Sorry if you are, or are related to, a turf-accountant and the gold-plated Rolls Royce is being sold this week because last Saturday night is now known as Black Saturday.
Not only did we all know that when Barcelona scored just once more it would be their 6,000th La Liga goal … we all absolutely knew that it HAD to be Leo Messi who would tuck it away.
I’ll wager that more than a few had money on “Messi first scorer”.
No question. He’s a genius, he scored their 5,000th goal nine years ago and it was simply unthinkable that anyone else would create this amazing landmark. (NB, just in case you’re wondering, Messi has either scored or made 476 of those 1,000 goals since the defeat of Racing Santander in 2009).
His free kicks are legendary. Last season he hit an all-time high for converting them and, largely, he’ll thrash the ball into the postage stamp between post and crossbar.
Thus the players in the wall jump. Of course they do. Anything to try to deflect his free-kick over. So … every so often he cheekily slots a daisy cutter under their collective leap and, really, it’s quite impossible to stop.
It’s a part of his game that I love. But it’s not often spoken about.
What I mean is that long ago, in the first interview he gave me, Autumn 2006, Messi made it clear to me that his enjoyment of football doesn’t extend to watching much (in fact any) of it when he’s off duty.
You won’t catch him, unlike Xavi for example, watching Serie B, Stoke trying to get out of the Championship or Aberdeen at Hibs in the League Cup.
However, Messi does think about the game.

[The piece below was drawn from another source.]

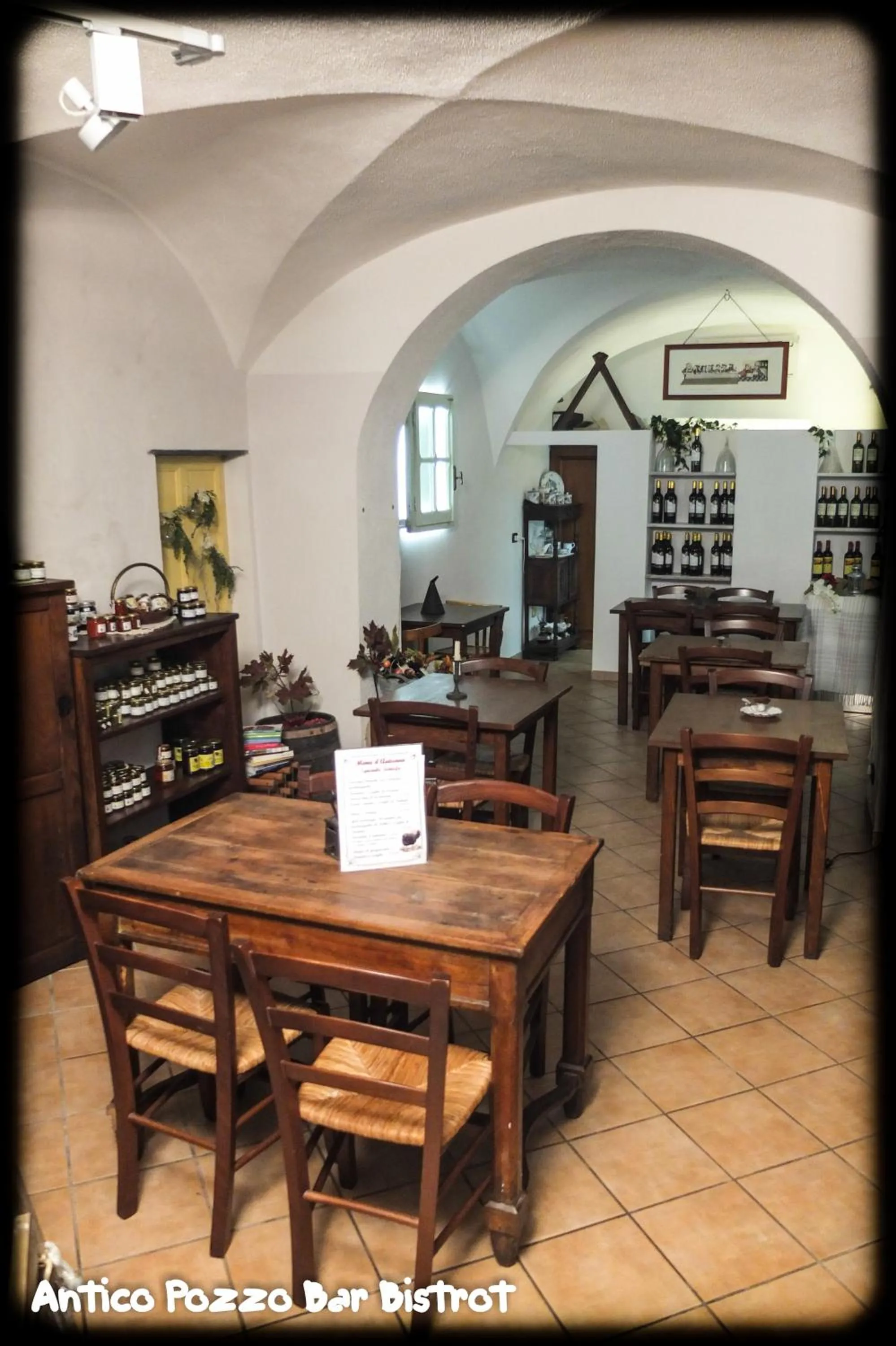 Restaurant/places to eat in Antico Pozzo Bed and Breakfast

Particularly about penalties and free kicks.
He’ll plan, he’ll remember particularly keepers, what he did to them last time, he’ll stack up information in that massively rapid circuit board in his brain – he calculates. Last season, in Spring, he scored four free-kicks in a six-game spree.
And he did the same to Girona, the sneaky daisy-cutter, as he pulled off at the weekend to break Alavés’ resistance.
What I like most about it is the feeling that it’s, momentarily, like a high-stakes poker game, world title chess or that cool pub game, spoof. Most of the time this wonderful footballer uses technique, power … shock and awe … to beat opponents.
But every so often, when they think they’ve worked out what he’s going to do, he out- psyches them. Whenever he pulls off that “under the wall” trick I’m telling you that there’s an extra, impish smile on his face as he celebrates.
His other goal last weekend was brilliance personified. He hit the woodwork twice, he struck a free-kick off the bar last week in the Spanish Supercup against Sevilla which Gerard Piqué then converted – Messi is switched on. No question. Because Cristiano Ronaldo has left? Because Messi’s been made captain? No … it’s just what he does.